Problem description: Begin your copy at the line with "How to treat Melasma at home? - AMINU" in the records below and end it at the line with "Method for differentiating", restating each line word for word; omit the pictures.

***** Source information

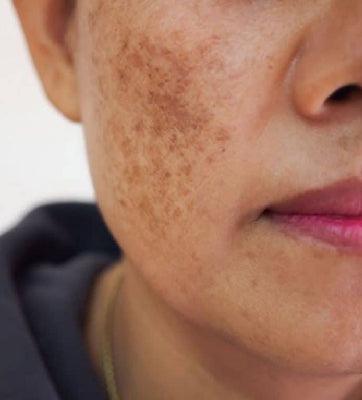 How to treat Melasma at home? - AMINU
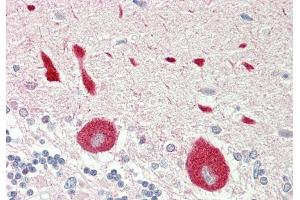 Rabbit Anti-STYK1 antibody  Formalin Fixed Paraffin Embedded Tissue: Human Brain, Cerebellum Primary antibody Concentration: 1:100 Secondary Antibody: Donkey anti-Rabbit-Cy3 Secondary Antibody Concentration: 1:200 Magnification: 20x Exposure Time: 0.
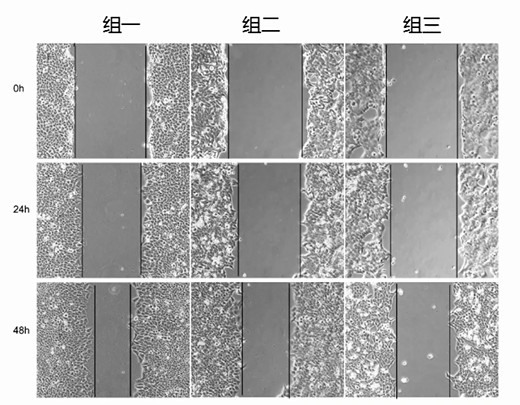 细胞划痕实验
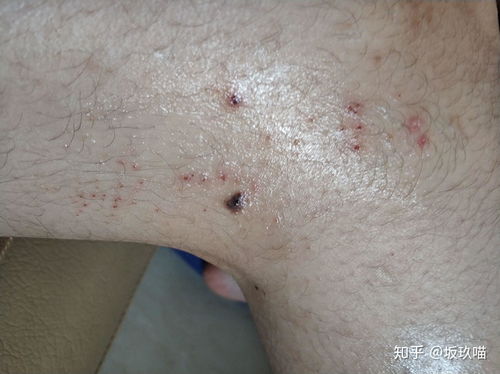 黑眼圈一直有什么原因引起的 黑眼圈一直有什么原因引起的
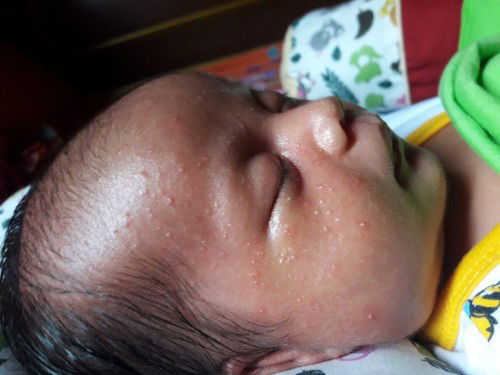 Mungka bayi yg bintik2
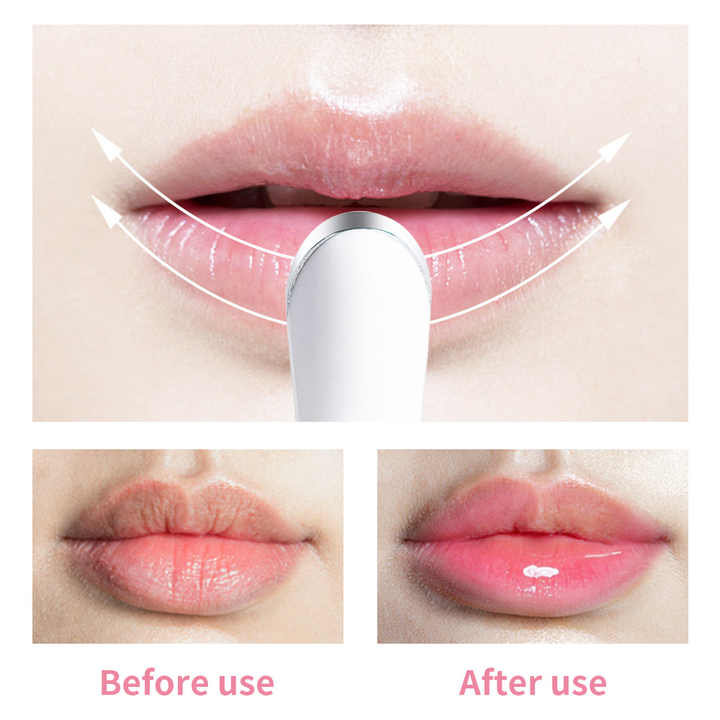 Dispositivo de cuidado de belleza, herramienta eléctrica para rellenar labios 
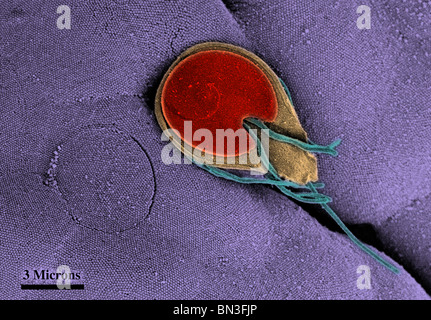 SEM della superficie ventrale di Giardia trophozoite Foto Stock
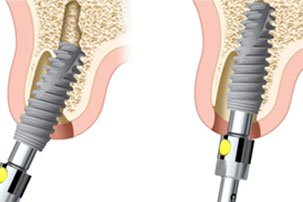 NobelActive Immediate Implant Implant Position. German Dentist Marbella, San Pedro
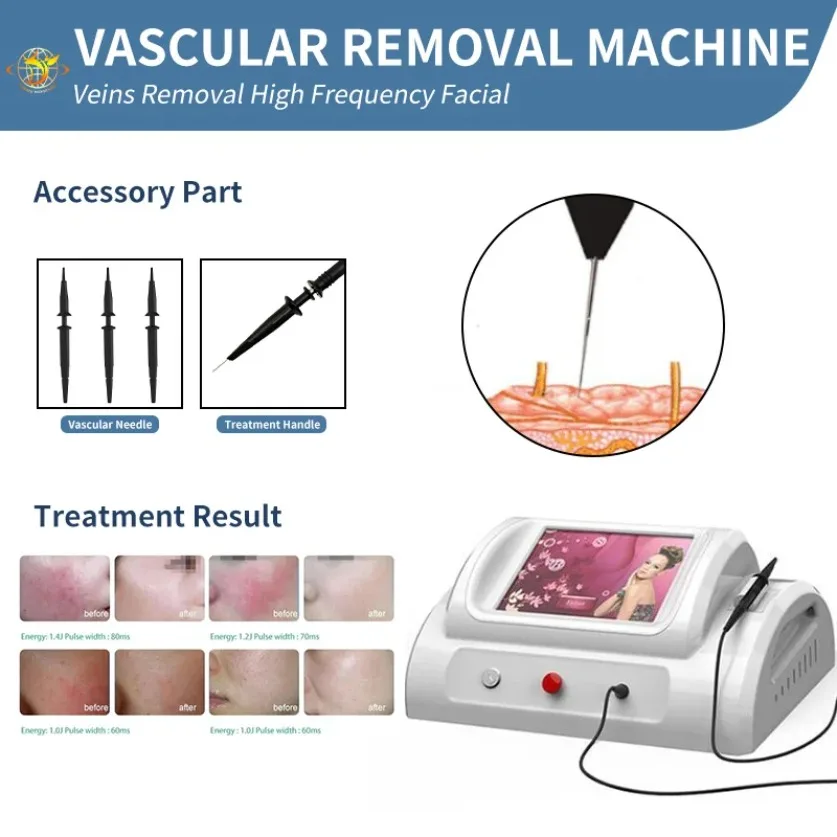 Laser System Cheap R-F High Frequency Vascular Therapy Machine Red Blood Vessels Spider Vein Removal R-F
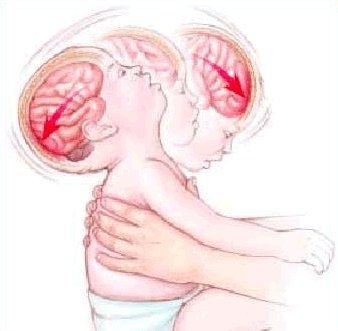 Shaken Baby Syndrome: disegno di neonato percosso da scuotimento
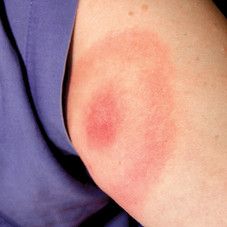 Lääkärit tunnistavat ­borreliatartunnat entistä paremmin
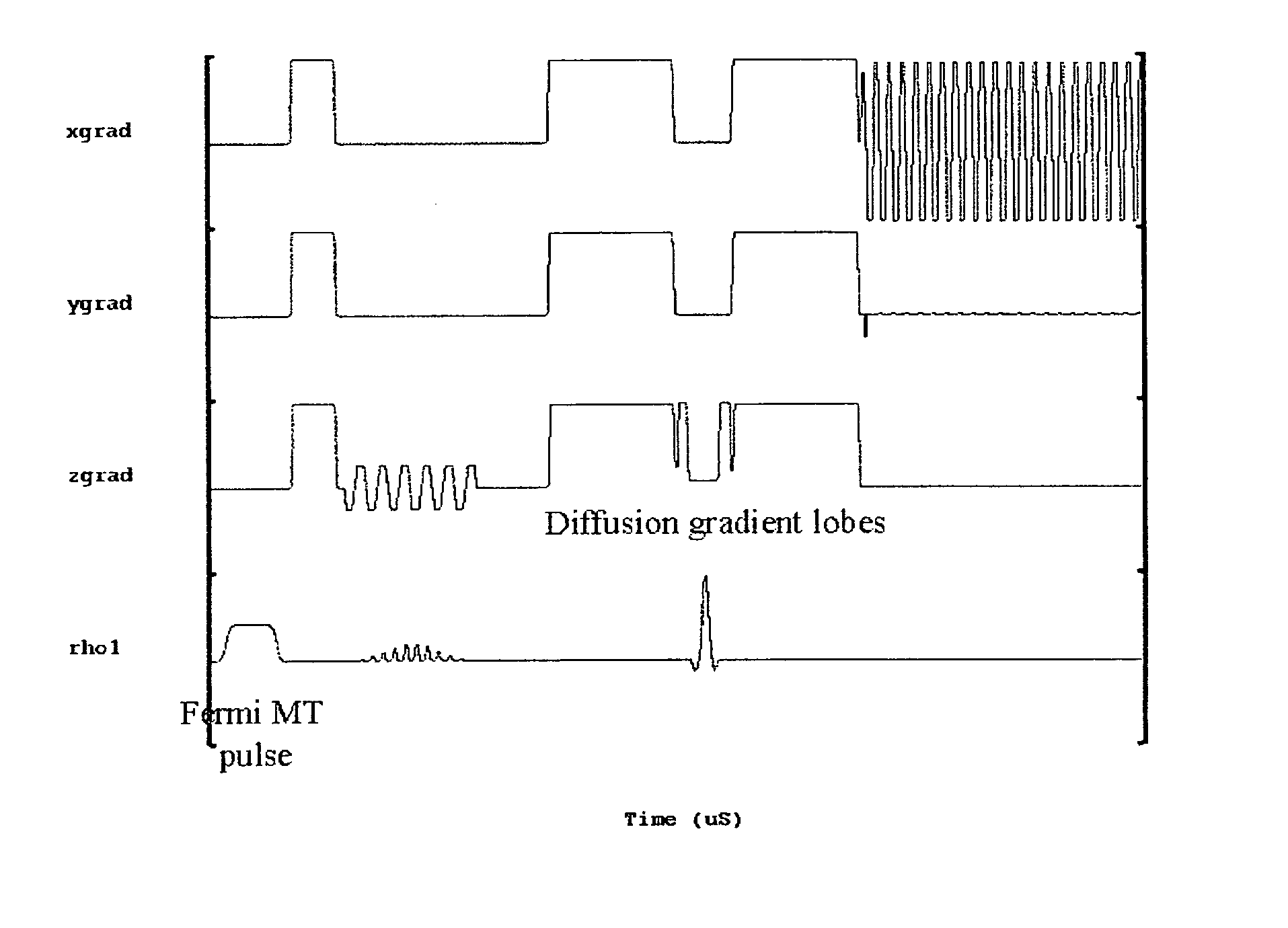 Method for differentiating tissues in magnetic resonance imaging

**********
***** Source information

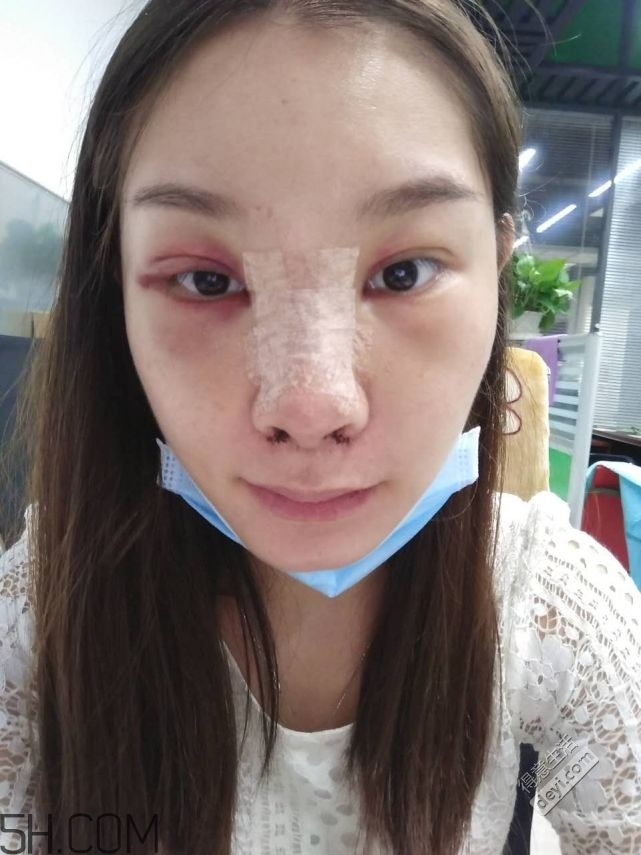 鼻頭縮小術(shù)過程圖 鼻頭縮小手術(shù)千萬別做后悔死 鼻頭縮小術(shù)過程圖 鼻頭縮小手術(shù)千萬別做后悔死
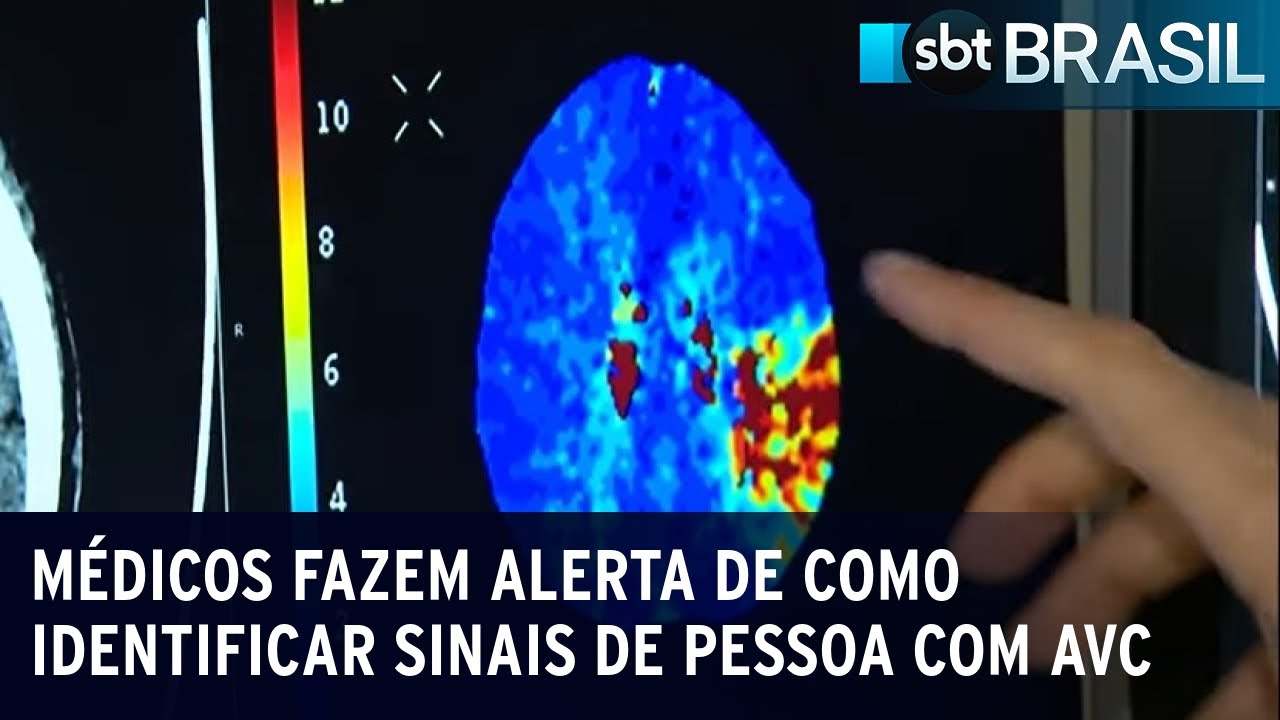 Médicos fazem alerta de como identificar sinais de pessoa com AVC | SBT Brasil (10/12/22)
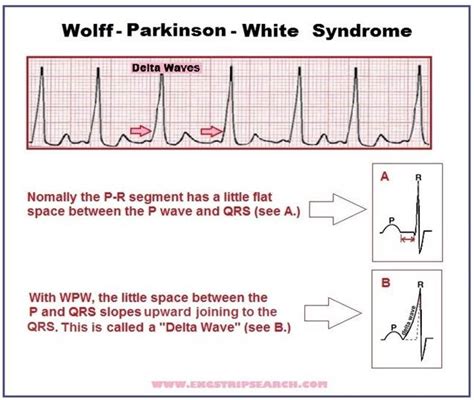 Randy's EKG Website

**********
***** Source information

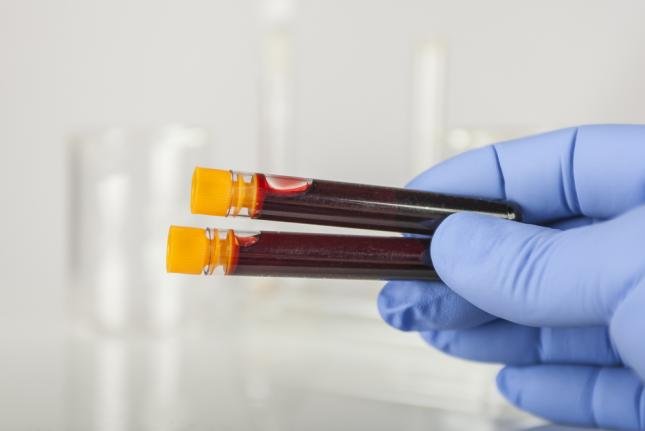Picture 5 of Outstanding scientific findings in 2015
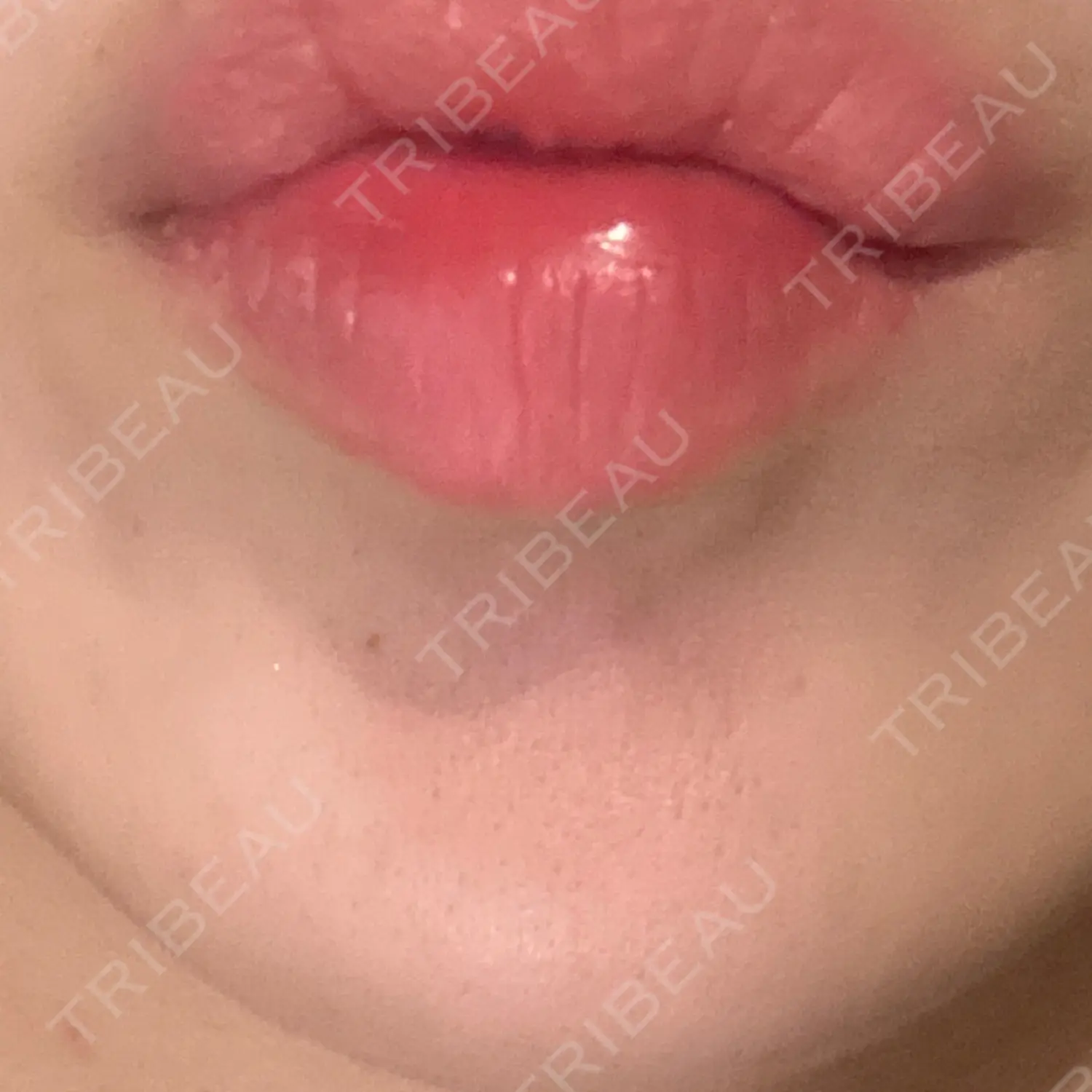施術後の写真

**********

Solved problem:
 How to treat Melasma at home? - AMINU
 Rabbit Anti-STYK1 antibody  Formalin Fixed Paraffin Embedded Tissue: Human Brain, Cerebellum Primary antibody Concentration: 1:100 Secondary Antibody: Donkey anti-Rabbit-Cy3 Secondary Antibody Concentration: 1:200 Magnification: 20x Exposure Time: 0.
 细胞划痕实验
 黑眼圈一直有什么原因引起的 黑眼圈一直有什么原因引起的
 Mungka bayi yg bintik2
 Dispositivo de cuidado de belleza, herramienta eléctrica para rellenar labios 
 SEM della superficie ventrale di Giardia trophozoite Foto Stock
 NobelActive Immediate Implant Implant Position. German Dentist Marbella, San Pedro
 Laser System Cheap R-F High Frequency Vascular Therapy Machine Red Blood Vessels Spider Vein Removal R-F
 Shaken Baby Syndrome: disegno di neonato percosso da scuotimento
 Lääkärit tunnistavat ­borreliatartunnat entistä paremmin
 Method for differentiating tissues in magnetic resonance imaging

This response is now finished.